她的抽泣声越来越小,慢慢地靠在了凌渊的肩膀上,似乎是睡着了。
“请问,她点了多少东西”凌渊想服务员问道
“嗯...总共一万五千円”
“这么多么...”凌渊打开看了看钱包“我好像只带了一万多....前辈你那里还有四千么...”
植田掏出四张钞票递给了他“下次记得请我喝酒”
“希望到时候我还记得”凌渊接过钱,递给了服务员。随后背着瑞娅走出了酒吧
“去哪里安置瑞娅呢....”他突然想到,自己的公寓已经没有再住一人的空间了“前辈,这附近有没有比较大型的宾馆?”
“你想去五星级的酒店那肯定是没有”植田开了个玩笑“我所知道的附近应该有一家,往前走走看吧”
“嗯”凌渊背着瑞娅,费力地跟着植田,“有件事我一直很在意,前辈”
“你说,还有,跟我说话我就不要加敬称了”
“那就植田君?你为什么会遇到瑞娅?”
“这个嘛”植田露出一丝苦笑“我和宫吵架了,心情不太好,想一个人出来喝点酒解闷,没想到她就坐到了我旁边。我们两个就聊了起来,什么爱情啊、家世啊之类的,越说喝的就越多,她就醉成这个样子了”
“这样啊”凌渊若有所思的说“你和后藤前辈又是因为什么呢?”
“过分询问别人的私事可不好哟,不过我倒不在乎这些。无非就是因为我经常喝的酩酊大醉,她想让我收敛点而已。”
“对于前辈这个年纪的人,喝酒并不是什么怪事吧?”凌渊有些不解
“是啊,确实不是什么怪事。”植田一脸怀念的样子“去年的这个时候啊,我因为喝醉了没能参加考试,自然没能通过,留级了。宫,她啊,向学校申请留级,陪我一起再次过了一次。”

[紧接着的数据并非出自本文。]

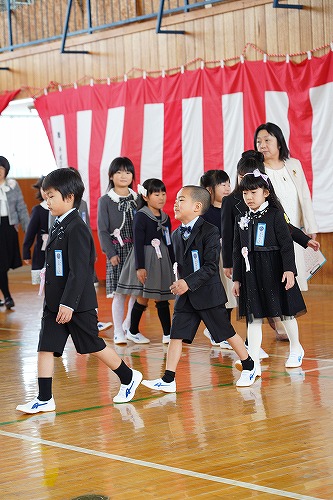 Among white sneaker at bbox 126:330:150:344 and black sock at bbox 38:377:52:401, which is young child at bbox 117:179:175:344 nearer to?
white sneaker at bbox 126:330:150:344

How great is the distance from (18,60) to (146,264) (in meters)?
6.83

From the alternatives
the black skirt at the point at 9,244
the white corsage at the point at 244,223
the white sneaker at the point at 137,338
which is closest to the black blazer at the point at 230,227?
the white corsage at the point at 244,223

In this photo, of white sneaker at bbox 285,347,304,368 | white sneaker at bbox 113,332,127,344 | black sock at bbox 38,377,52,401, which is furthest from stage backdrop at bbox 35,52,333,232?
black sock at bbox 38,377,52,401

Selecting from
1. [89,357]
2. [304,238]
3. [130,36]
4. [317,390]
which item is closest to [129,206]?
[89,357]

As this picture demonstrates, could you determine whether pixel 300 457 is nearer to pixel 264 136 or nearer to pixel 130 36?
pixel 264 136

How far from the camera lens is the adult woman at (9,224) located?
8.92 meters

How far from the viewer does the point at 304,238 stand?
17.3 ft

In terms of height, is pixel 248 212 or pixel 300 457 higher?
pixel 248 212

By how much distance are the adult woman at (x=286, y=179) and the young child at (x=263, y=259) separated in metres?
0.81

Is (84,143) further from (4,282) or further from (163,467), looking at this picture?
(163,467)

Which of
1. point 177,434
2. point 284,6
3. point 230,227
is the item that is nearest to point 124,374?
point 177,434

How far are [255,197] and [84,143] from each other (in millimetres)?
6714

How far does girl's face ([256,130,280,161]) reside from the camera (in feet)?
18.7

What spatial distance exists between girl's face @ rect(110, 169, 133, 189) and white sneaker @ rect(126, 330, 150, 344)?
41.8 inches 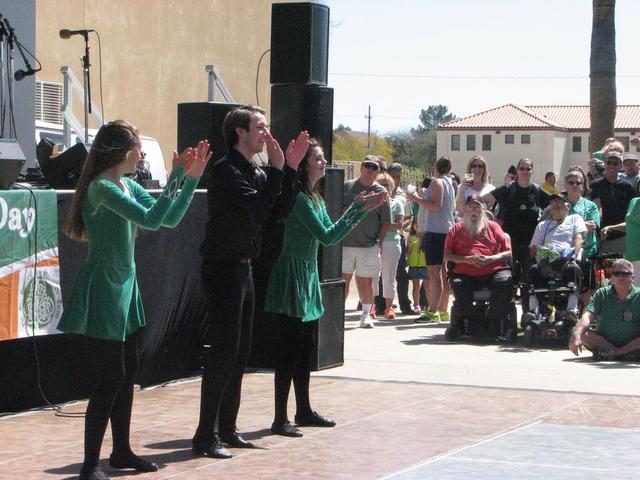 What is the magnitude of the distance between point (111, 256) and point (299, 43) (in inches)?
175

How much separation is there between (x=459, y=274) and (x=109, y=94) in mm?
20249

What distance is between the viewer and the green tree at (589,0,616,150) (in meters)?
22.1

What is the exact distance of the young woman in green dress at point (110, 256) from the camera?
6.23 meters

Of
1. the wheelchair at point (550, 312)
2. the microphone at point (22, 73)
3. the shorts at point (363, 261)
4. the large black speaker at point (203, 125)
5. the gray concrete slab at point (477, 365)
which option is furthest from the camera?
Answer: the microphone at point (22, 73)

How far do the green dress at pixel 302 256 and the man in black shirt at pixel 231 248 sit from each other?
0.56 m

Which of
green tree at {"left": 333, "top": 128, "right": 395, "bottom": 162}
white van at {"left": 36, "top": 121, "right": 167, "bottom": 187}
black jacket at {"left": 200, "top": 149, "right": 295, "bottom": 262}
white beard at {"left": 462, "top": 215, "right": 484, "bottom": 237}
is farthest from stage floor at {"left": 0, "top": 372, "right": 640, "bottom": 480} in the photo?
green tree at {"left": 333, "top": 128, "right": 395, "bottom": 162}

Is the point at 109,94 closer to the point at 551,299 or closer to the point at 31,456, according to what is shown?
the point at 551,299

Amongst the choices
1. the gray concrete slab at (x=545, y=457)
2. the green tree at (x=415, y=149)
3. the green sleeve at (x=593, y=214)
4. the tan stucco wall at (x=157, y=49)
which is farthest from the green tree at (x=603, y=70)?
the green tree at (x=415, y=149)

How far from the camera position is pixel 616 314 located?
11289 mm

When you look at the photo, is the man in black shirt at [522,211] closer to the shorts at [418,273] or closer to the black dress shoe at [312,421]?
the shorts at [418,273]

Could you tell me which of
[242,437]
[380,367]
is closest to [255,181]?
[242,437]

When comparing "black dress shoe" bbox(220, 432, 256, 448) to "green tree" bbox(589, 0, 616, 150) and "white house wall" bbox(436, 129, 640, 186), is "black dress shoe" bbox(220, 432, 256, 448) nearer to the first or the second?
"green tree" bbox(589, 0, 616, 150)

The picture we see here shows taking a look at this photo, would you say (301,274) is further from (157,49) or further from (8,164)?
(157,49)

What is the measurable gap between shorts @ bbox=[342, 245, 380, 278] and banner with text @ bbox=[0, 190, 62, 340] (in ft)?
21.0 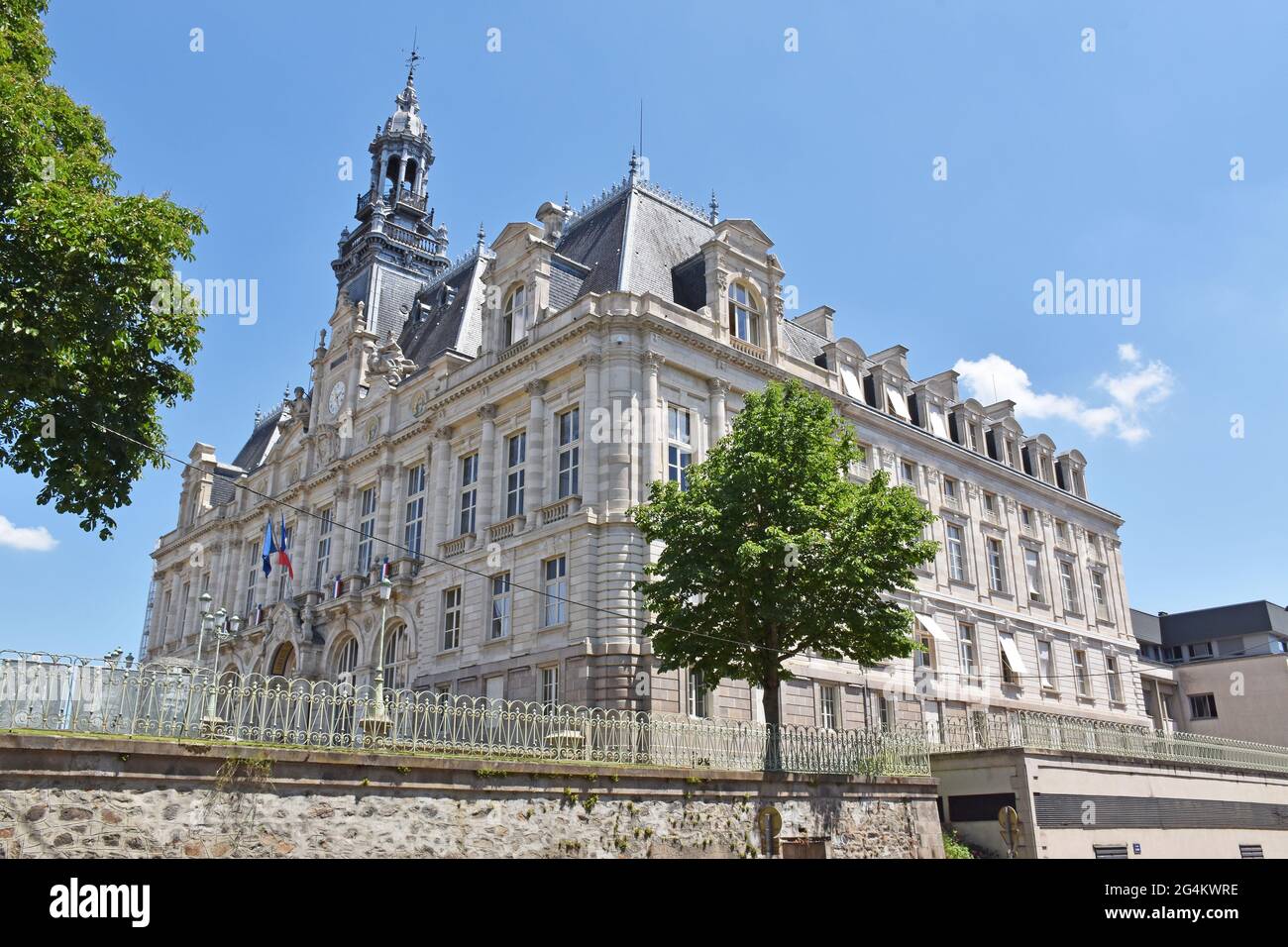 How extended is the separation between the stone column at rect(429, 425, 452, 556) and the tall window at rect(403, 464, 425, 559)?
180cm

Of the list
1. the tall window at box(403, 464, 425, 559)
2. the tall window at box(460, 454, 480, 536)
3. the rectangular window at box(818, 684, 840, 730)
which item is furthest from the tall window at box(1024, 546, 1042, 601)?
the tall window at box(403, 464, 425, 559)

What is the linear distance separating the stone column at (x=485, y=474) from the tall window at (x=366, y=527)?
8196 mm

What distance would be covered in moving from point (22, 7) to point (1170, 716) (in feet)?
213

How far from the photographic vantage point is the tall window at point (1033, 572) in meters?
50.2

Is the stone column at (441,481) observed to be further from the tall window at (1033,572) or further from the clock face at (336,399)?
the tall window at (1033,572)

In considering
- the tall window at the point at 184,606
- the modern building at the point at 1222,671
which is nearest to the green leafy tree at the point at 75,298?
the tall window at the point at 184,606

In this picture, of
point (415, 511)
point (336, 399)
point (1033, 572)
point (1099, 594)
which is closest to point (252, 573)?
point (336, 399)

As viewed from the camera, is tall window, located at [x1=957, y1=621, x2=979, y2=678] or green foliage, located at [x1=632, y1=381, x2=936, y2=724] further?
tall window, located at [x1=957, y1=621, x2=979, y2=678]

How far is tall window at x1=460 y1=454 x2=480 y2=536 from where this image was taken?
128 feet

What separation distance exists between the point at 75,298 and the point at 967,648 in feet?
126

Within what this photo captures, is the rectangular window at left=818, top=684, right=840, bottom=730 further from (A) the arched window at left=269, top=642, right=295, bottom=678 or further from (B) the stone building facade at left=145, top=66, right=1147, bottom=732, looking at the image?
(A) the arched window at left=269, top=642, right=295, bottom=678

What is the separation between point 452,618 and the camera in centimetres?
3788

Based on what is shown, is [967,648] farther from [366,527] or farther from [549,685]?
[366,527] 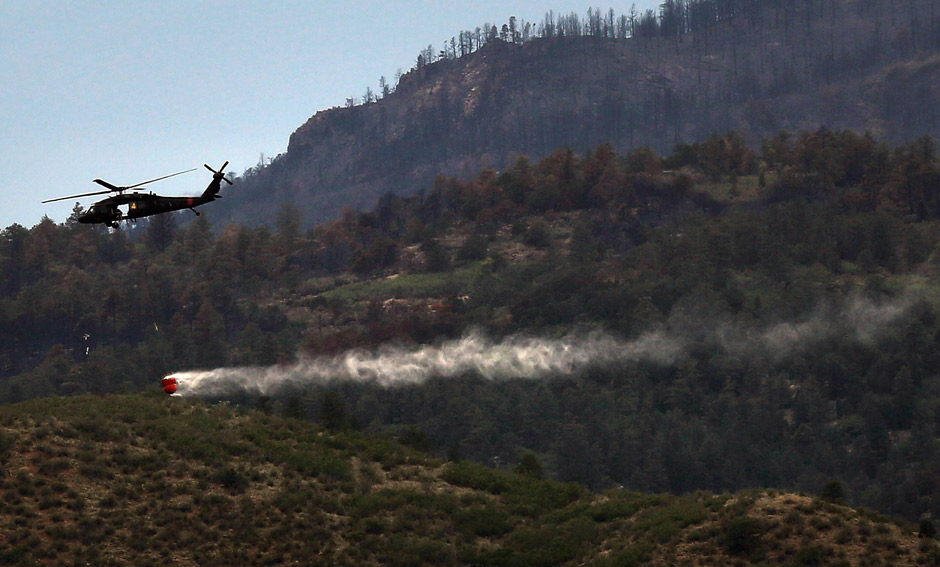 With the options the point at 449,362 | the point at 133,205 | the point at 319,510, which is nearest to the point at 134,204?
the point at 133,205

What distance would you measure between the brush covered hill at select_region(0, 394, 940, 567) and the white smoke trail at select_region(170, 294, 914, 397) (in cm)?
8039

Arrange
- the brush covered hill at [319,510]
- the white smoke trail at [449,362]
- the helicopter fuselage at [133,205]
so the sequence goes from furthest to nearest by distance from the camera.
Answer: the white smoke trail at [449,362], the helicopter fuselage at [133,205], the brush covered hill at [319,510]

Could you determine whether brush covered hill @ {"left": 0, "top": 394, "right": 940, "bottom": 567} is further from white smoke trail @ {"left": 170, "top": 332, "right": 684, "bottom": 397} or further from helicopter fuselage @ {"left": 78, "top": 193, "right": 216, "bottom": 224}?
white smoke trail @ {"left": 170, "top": 332, "right": 684, "bottom": 397}

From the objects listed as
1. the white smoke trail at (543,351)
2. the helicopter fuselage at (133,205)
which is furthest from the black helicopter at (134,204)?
the white smoke trail at (543,351)

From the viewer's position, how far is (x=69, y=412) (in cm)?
8556

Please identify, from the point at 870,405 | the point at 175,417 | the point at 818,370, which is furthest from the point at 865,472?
the point at 175,417

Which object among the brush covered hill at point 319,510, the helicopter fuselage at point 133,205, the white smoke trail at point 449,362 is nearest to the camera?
the brush covered hill at point 319,510

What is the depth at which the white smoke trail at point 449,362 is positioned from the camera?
18100 centimetres

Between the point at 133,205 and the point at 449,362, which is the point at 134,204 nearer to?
the point at 133,205

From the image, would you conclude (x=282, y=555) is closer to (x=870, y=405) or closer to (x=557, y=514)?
(x=557, y=514)

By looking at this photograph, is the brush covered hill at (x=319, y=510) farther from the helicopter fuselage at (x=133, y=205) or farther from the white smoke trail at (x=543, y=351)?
the white smoke trail at (x=543, y=351)

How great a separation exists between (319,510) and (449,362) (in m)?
113

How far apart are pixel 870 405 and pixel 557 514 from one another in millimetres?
90206

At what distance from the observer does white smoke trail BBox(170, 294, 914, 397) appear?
17812 cm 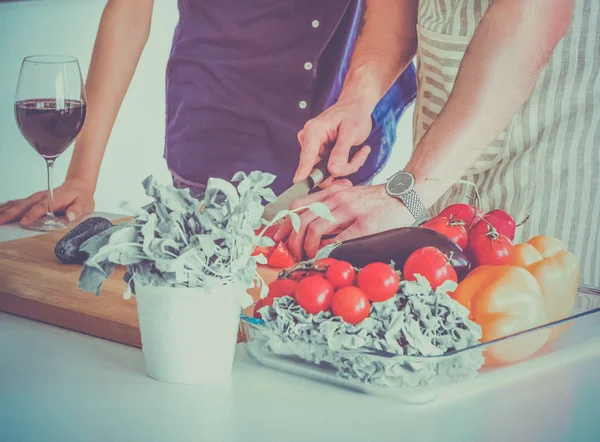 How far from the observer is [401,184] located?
3.29ft

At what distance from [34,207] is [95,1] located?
84 cm

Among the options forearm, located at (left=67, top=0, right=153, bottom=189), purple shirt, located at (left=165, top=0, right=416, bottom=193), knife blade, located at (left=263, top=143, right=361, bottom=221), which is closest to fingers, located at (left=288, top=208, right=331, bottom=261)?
knife blade, located at (left=263, top=143, right=361, bottom=221)

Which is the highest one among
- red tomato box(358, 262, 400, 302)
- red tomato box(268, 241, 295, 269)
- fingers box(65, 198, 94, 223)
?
red tomato box(358, 262, 400, 302)

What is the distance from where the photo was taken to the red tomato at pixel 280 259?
875 millimetres

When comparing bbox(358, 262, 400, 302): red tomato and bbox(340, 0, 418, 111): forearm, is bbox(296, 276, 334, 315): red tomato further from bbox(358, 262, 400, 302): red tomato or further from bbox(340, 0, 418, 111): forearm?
bbox(340, 0, 418, 111): forearm

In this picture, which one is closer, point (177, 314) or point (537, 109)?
point (177, 314)

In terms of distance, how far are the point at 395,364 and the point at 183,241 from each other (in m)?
0.18

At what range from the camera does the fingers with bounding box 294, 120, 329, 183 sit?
1100mm

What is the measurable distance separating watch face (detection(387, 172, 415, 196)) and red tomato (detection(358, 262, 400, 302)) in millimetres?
442

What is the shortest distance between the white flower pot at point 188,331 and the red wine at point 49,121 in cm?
55

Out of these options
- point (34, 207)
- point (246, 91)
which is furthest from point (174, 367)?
point (246, 91)

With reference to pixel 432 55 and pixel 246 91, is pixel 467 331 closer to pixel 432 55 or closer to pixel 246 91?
pixel 432 55

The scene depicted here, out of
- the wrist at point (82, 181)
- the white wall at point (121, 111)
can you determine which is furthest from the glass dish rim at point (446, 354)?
the white wall at point (121, 111)

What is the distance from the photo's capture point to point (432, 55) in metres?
1.21
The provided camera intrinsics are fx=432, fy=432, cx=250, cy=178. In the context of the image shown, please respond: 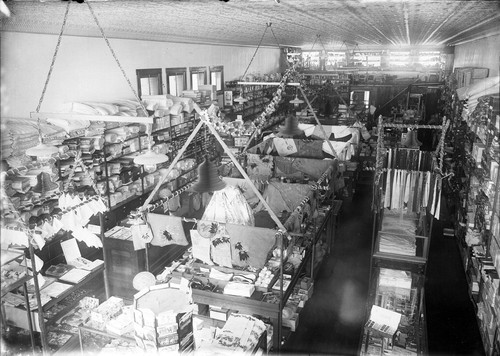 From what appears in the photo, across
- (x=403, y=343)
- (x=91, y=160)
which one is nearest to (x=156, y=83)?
(x=91, y=160)

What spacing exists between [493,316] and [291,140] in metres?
6.23

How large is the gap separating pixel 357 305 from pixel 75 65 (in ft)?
19.4

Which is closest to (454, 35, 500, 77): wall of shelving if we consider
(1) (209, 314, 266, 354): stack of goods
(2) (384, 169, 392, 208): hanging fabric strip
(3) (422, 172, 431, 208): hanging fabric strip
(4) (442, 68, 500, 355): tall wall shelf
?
(4) (442, 68, 500, 355): tall wall shelf

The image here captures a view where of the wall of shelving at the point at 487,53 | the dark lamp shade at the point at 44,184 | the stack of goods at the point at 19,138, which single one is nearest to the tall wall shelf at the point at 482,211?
the wall of shelving at the point at 487,53

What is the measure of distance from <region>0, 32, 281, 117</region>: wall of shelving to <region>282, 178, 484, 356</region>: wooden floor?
454 centimetres

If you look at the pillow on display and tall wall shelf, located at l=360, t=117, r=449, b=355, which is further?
the pillow on display

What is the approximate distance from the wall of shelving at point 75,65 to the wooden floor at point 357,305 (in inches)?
179

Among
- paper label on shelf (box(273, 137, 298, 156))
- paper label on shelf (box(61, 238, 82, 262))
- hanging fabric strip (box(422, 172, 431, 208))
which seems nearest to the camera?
paper label on shelf (box(61, 238, 82, 262))

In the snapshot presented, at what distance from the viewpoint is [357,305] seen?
6.36m

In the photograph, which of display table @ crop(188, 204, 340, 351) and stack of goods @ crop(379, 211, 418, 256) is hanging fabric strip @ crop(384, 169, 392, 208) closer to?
stack of goods @ crop(379, 211, 418, 256)

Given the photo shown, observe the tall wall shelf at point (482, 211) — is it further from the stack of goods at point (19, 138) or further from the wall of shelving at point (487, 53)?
the stack of goods at point (19, 138)

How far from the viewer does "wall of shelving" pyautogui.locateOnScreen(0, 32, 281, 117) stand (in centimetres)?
600

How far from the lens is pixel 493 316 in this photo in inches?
196

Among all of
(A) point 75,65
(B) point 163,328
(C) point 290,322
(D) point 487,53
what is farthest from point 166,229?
(D) point 487,53
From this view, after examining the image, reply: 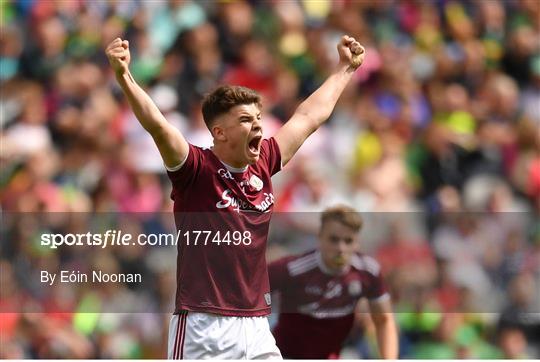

“没想到看上去不善表达的后藤前辈也会这样意气用事呢”
“我也觉得她挺冲动的,不说她了。这位小姐听上去是家中遇到了变故?”植田问道
“是的”凌渊回头看了看瑞娅熟睡的侧脸“她的父亲,前几天出车祸去世了...她有些无法承受...”
“抱歉抱歉,问了些不该问的”植田连忙道歉“其实我主要是想了解一下你们之间的关系”
“我与她么...”凌渊想了想“大概算得上是某种程度的姐弟关系吧,她的父亲收养了我五年。她的父亲是精英阶层,政界强手,总想将女儿培养成他的接班人...”
“我或多或少能理解她一些吧,我家也有一个执拗的老头,但我很讨厌被他安排的感觉,所以我要远离家乡来上学。”他望向北方
凌渊没有说话。他没有一个正常的童年时代,也无法理解像瑞娅和植田这种被家人所安排的人的心情。他总是在想象,一个普通人的童年,会是什么样的呢?心中缺失的这份回忆总是让他在梦醒时分眼角湿润
“对了”植田突然回头对凌渊说“暑假快到了,你有什么安排吗?”
“暑假么...”凌渊突然想起,六月二十日似乎就要放假了“没什么干的...前辈有什么推荐么?”
“不如跟我一起会家乡吧,我的家乡在海边,作为度假的地方还是不错的”
海边吗...作为度假的地方确实不错,不过现在地之降临会造成什么影响还不知道,去海边的危险系数应该不低。斟酌一番后,他婉拒了植田的邀请。
....
“到了”植田指着街边的一家旅馆“离咱们那栋公寓最近的就是这里了”
凌渊背着瑞娅准备进去,却发现植田并没有跟上“前辈?”
“我有些事,先回去了”他头也不回的向后招了招手
“喂!”凌渊喊道“别突然就甩下我一个人啊”
没办法,不管再怎么喊,植田似乎也不会回头。凌渊背着瑞娅来到了旅馆的服务台前
“您好,请问还有一个人的房间吗?”
“嗯...还有一间”
交了钱,凌渊背着瑞娅到了房间里,将她安顿好。
“明天下午还要去上课啊...可又不能就这样把她扔在这里不管...”他自言自语着,想着如何安排明天的时间“算了,明天上午再来一趟吧”
凌渊为她盖好被子,准备离开。但他刚刚转过身去,右手却被拉住
“不要走....”身后响起瑞娅微弱的声音“不要丢下我一个人...”
他停住了脚步“嗯,我会一直在你身边的....”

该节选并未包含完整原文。